The agency praises Mr Brandt for falling to his knees before a monument in Poland to commemorate the Jewish victims of the 1943 Warsaw Ghetto uprising in 1970.
"The confrontation between China and Japan will be a long-lasting event. China does not only have to triumph over it, but also prove to the world that China follows its own promise as a peaceful rising power," says the Global Times, external.
Over in Hong Kong, Apple Daily, external and Ming Pao, external are calling for the governments of Beijing and Hong Kong to heed the results of an unofficial New Year's "civil referendum" on the process for electing the city's chief executive in 2017.
The newspapers note a lower turnout than before for the city's New Year's Day pro-democracy march, but highlight how tens of thousands of Hong Kong people voted overwhelmingly in the "civil referendum" in favour of more public involvement in the 2017 chief executive election.

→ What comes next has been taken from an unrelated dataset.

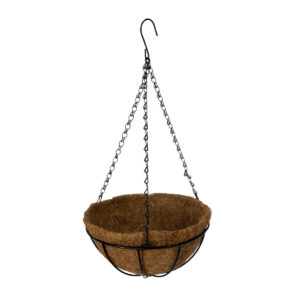 GloboStar® Artificial Garden SALAMINA 20560 Κρεμαστό Διακοσμητικό Κασπώ Γλάστρα – Flower Pot από Φλοιό Καρύδας Καφέ με Μαύρη Μεταλλική Βάση Φ25 x Υ14cm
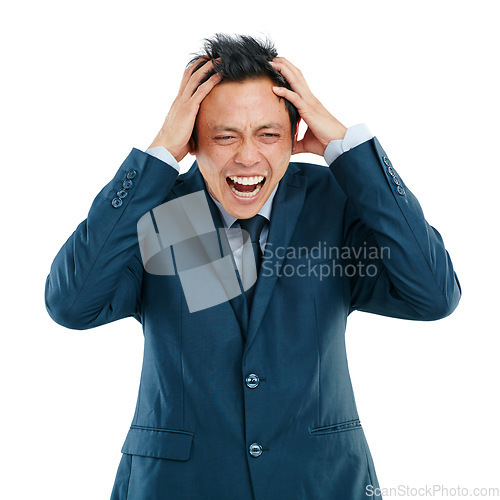 Image of Anger, stress and screaming business man in studio isolated on white background. Burnout, mental health and headache, sad and shouting angry Asian male after bad news, deal or financial crisis.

Currently, Hong Kong's leader is elected by a committee of only 1,200 members.
Hunger strike
Meanwhile, Global Times, external and pro-Beijing Hong Kong newspapers Ta Kung Pao, external and Wen Wei Po, external are welcoming the arrest of several activists who carried a Hong Kong colonial-era flag into a People's Liberation Army (PLA) barracks in the city's Central district last Thursday.
"This type of separatist behaviour will only make the central authorities tighten defences to the detriment of Hong Kong's democratic development," adds Hong Kong's Sing Tao Daily, external.
Elsewhere, reporters working for Guangzhou's Nanfang Media, which publishes the Southern Weekend newspaper, are waging an online campaign on behalf of a civil rights activist who is facing trial for supporting their strike one year ago, Hong Kong's South China Morning Post, external reports.
Hong Kong's Ming Pao, external says Yang Maodong, who is also known by his pen name Guo Feixiong, has been on hunger strike ahead of his trial.
Mr Yang was detained for joining protests by Southern Weekend staff last year after censors swapped the newspaper's New Year editorial calling for political reform and respect for the country's constitution to a tribute to the Communist Party.
And finally, The Beijing News, external says penal labour camps in the capital were decommissioned and their inmates released on New Year's Day.
The move follows the legislature's vote on Saturday to abolish the "re-education through labour" system that has allowed police to jail people for up to four years without due process.